Published on May 11th, 20170
Gadkari Scraps Sagar Island Port Project as Mamata Banerjee Plumbs for Tajpur Port
The shipping ministry has formally and finally decided to scrap plans to build at new major port at Sagar Island in West Bengal after the state government told the union government in no uncertain terms that it was proceeding with a new greenfield port at Tajpur in West Midnapore district about 50 kms away from Haldia dock of Kolkata Port.
The shipping ministry had taken the stand that it will not proceed with the Sagar Island port project if Tajpur is developed by the state government. Accordingly, the fate of the Sagar Island project was waiting for a final decision from the West Bengal government.
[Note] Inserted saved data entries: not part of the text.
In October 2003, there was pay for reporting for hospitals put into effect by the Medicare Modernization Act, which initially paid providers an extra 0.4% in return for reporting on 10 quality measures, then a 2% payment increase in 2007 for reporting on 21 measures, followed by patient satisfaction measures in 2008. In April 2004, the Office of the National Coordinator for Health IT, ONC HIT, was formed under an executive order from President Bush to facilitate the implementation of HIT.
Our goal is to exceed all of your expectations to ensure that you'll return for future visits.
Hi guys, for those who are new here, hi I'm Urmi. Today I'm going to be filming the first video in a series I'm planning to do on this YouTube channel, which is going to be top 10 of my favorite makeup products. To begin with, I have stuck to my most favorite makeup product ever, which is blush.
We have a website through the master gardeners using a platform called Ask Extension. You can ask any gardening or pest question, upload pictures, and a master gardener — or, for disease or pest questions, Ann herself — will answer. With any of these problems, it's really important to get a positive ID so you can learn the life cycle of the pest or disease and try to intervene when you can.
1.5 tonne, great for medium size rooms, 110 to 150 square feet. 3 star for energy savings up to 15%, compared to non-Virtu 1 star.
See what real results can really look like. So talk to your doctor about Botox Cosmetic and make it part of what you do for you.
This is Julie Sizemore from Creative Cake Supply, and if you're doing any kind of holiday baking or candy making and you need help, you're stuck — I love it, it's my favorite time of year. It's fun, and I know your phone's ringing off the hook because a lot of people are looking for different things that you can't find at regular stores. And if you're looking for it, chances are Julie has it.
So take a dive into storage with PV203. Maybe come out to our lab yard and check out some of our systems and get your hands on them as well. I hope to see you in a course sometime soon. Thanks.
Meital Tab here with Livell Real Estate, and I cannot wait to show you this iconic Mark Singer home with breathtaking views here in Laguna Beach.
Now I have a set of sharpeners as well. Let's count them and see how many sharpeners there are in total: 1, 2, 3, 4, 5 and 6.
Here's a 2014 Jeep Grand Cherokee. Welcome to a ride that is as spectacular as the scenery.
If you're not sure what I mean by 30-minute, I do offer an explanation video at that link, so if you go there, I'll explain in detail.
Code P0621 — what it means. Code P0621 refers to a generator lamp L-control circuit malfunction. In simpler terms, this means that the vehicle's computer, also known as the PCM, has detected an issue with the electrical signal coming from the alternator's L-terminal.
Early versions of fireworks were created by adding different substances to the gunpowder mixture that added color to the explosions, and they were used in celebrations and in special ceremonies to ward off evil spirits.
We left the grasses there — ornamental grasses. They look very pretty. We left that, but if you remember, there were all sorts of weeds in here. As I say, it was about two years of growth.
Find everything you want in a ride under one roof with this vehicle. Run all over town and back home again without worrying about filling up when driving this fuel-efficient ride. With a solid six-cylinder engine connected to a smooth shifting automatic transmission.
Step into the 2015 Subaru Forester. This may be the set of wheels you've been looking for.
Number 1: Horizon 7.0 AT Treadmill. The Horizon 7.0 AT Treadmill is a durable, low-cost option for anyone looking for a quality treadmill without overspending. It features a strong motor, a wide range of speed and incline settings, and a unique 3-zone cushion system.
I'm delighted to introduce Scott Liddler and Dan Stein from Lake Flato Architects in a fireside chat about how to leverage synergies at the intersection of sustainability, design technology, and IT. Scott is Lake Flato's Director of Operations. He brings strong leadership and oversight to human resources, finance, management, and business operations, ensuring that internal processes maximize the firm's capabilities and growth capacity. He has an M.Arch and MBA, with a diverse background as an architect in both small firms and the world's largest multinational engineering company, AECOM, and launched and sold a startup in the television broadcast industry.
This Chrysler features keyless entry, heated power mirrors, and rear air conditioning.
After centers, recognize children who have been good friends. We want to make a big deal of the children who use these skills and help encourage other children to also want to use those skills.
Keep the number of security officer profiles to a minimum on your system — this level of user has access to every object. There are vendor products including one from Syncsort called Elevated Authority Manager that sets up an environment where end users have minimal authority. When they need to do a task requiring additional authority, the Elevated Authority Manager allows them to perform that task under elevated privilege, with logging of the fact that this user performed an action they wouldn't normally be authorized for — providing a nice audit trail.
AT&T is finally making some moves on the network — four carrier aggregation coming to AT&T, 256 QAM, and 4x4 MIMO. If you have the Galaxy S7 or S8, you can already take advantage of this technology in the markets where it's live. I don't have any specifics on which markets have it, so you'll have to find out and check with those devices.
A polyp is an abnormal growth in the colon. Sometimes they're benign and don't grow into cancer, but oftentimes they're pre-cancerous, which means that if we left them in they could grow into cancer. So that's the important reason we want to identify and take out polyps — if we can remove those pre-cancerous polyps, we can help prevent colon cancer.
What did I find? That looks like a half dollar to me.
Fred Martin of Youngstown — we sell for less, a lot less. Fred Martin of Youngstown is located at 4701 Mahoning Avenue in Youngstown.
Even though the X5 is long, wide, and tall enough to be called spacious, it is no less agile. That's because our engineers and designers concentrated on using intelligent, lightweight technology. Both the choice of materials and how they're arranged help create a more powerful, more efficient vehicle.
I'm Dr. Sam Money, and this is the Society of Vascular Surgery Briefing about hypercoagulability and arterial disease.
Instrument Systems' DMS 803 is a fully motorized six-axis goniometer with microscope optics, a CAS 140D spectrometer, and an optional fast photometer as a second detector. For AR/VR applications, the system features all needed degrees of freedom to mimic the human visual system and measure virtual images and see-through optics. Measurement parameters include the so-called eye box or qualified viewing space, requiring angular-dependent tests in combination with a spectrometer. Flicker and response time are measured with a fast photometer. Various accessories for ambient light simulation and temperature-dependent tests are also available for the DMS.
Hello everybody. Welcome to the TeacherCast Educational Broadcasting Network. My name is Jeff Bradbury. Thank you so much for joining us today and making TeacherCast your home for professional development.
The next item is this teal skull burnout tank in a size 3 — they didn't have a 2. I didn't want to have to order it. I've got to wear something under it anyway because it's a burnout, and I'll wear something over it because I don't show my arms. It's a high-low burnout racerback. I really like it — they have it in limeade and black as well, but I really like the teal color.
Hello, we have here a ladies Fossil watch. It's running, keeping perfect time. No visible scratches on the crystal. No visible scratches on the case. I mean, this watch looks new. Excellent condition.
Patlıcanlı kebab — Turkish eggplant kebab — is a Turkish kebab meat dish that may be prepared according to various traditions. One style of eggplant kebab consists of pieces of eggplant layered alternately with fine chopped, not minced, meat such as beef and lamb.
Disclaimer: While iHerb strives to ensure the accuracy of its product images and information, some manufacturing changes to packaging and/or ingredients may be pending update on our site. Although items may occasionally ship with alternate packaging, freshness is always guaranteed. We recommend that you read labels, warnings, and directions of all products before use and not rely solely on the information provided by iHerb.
“The West Bengal government decided to go ahead with the Tajpur Port project which was communicated to the union shipping minister Nitin Gadkari by West Bengal finance minister Amit Mitra and the state chief secretary during a meeting a few days ago. That being the case, the shipping minister said that we will drop Sagar Island project. Naturally, there is no scope for two new big ports in close vicinity on either side of the river Hooghly,” said an official familiar with the development.
“The shipping ministry officially decided to scrap the Sagar Island port project which would have been a major economic booster for the state of West Bengal,” said the official mentioned earlier. “But, for public consumption, the shipping ministry will not say that it is dropping the Sagar Island project. It will say, Sagar Island will be taken up after Tajpur is completed”, he added.
A port industry executive said that the Tajpur port, when developed, will take away the entire cargo of coal and minerals of Haldia Dock. “Haldia is already infested with mafia of stevedoring and shore handling firms and facing problems. If a fully-mechanized port comes up at Tajpur, Haldia will be history,” he said asking not to be named.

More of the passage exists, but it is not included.